• **Directions for this task**: In the records below, the relevant part opens with the line containing "The Right Stuff Steering Arms - DBSA01" and closes with the line containing "Tiny photo for"; print that part exactly and only, without its pictures.

• **Dataset records**:
--------------------
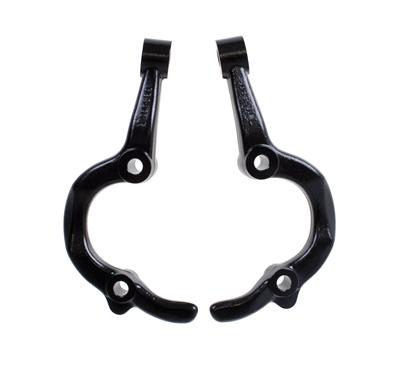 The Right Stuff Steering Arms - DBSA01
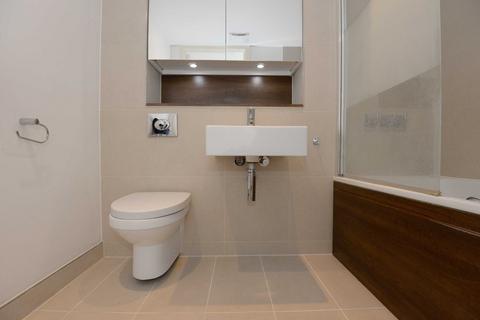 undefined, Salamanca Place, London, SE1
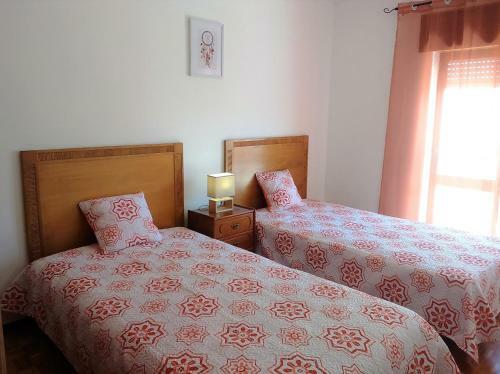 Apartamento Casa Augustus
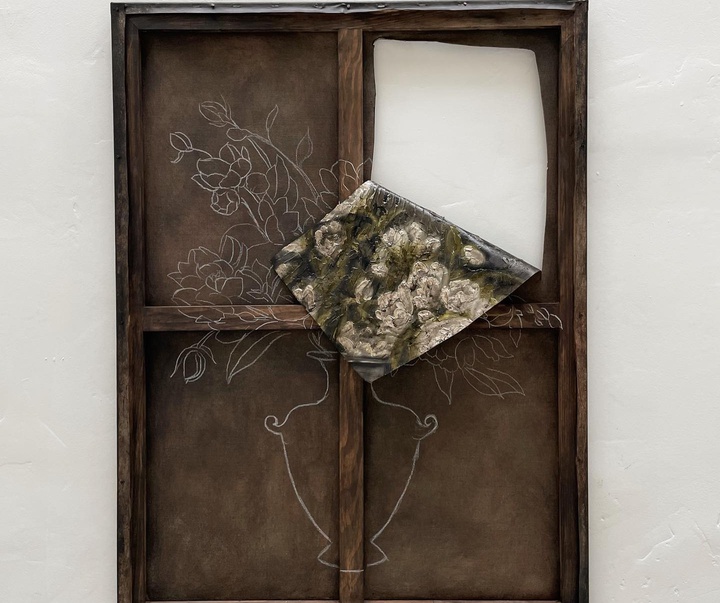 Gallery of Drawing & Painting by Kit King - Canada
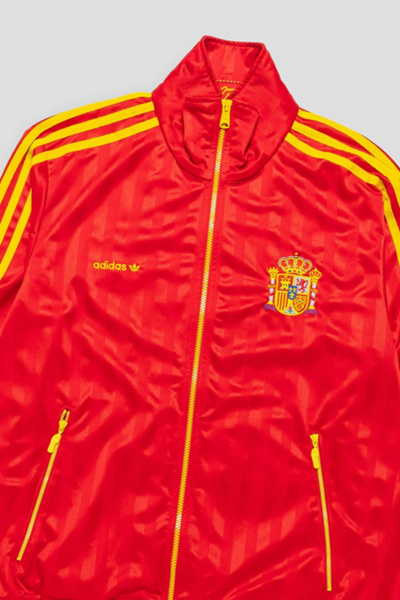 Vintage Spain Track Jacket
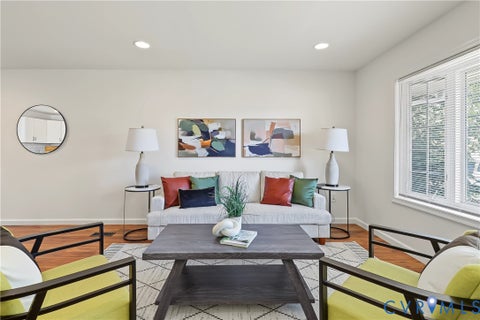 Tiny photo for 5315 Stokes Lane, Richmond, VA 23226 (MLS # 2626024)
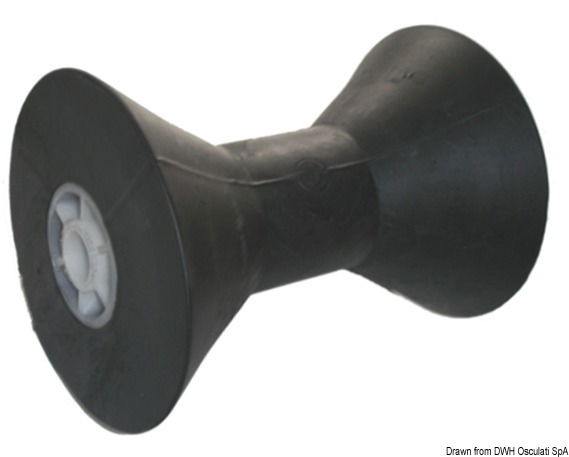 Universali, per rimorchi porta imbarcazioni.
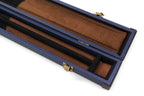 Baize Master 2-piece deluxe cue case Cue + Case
--------------------
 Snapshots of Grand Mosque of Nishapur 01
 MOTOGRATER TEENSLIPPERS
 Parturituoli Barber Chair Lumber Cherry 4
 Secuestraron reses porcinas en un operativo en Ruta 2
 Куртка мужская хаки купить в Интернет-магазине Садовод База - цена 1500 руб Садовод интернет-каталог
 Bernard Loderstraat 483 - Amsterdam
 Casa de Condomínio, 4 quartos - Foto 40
--------------------
• **Result**:
 The Right Stuff Steering Arms - DBSA01
 undefined, Salamanca Place, London, SE1
 Apartamento Casa Augustus
 Gallery of Drawing & Painting by Kit King - Canada
 Vintage Spain Track Jacket
 Tiny photo for 5315 Stokes Lane, Richmond, VA 23226 (MLS # 2626024)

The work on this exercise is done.